··· Recorded information ···

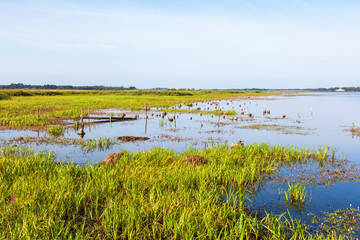 Lake with a grass meadow that goes to the water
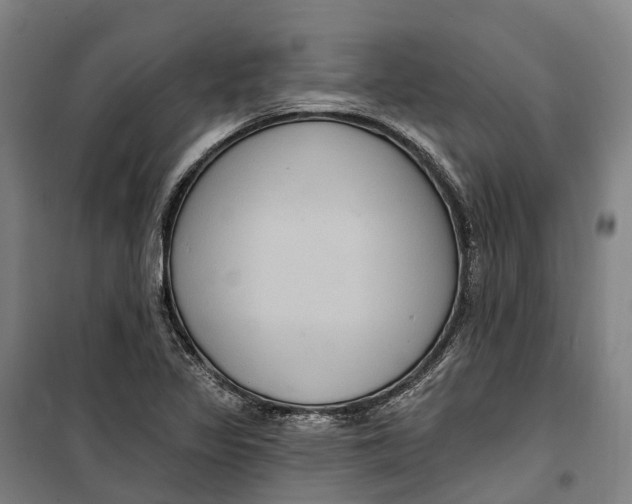 X0000099561317200806061531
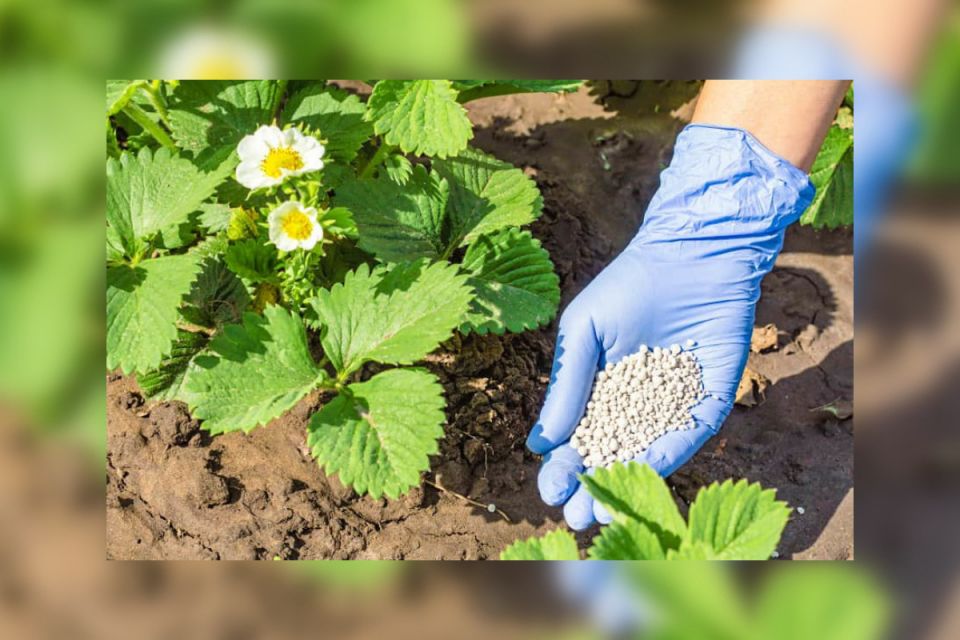 Що робити у квітні на городі та в саду: склали чек-лист робіт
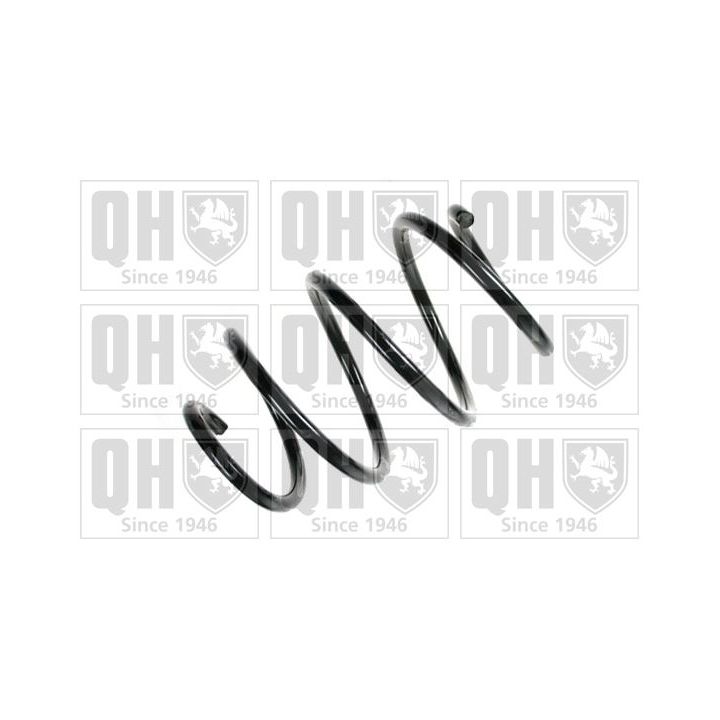 Spyruoklė QUINTON HAZELL QCS7891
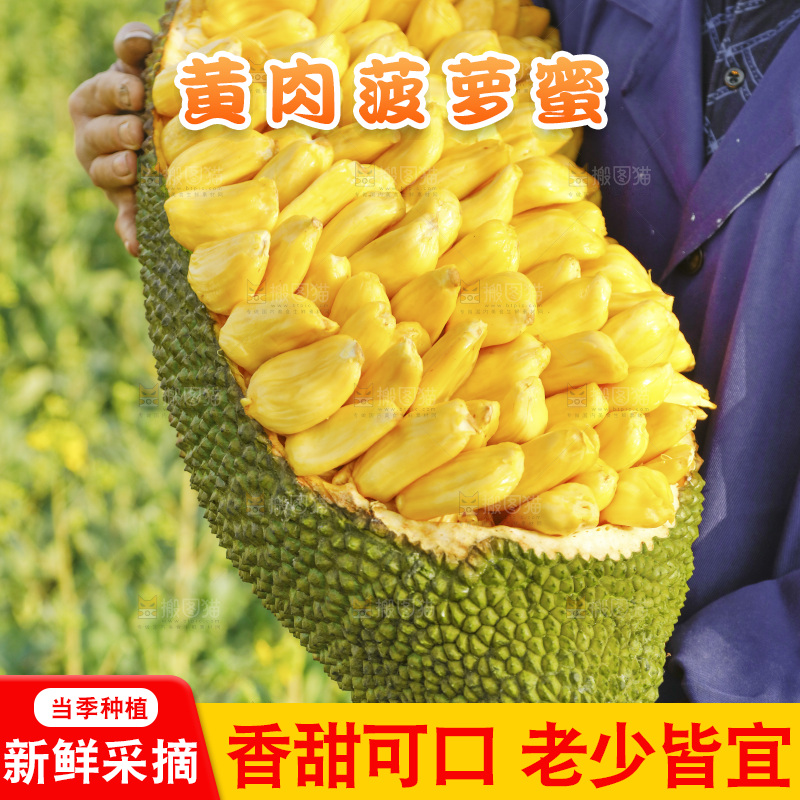 手里抱着黄肉菠萝蜜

···

**Work request**
Apart from its pictures, the material above should be repeated exactly.

**Response area**
 Lake with a grass meadow that goes to the water
 X0000099561317200806061531
 Що робити у квітні на городі та в саду: склали чек-лист робіт
 Spyruoklė QUINTON HAZELL QCS7891
 手里抱着黄肉菠萝蜜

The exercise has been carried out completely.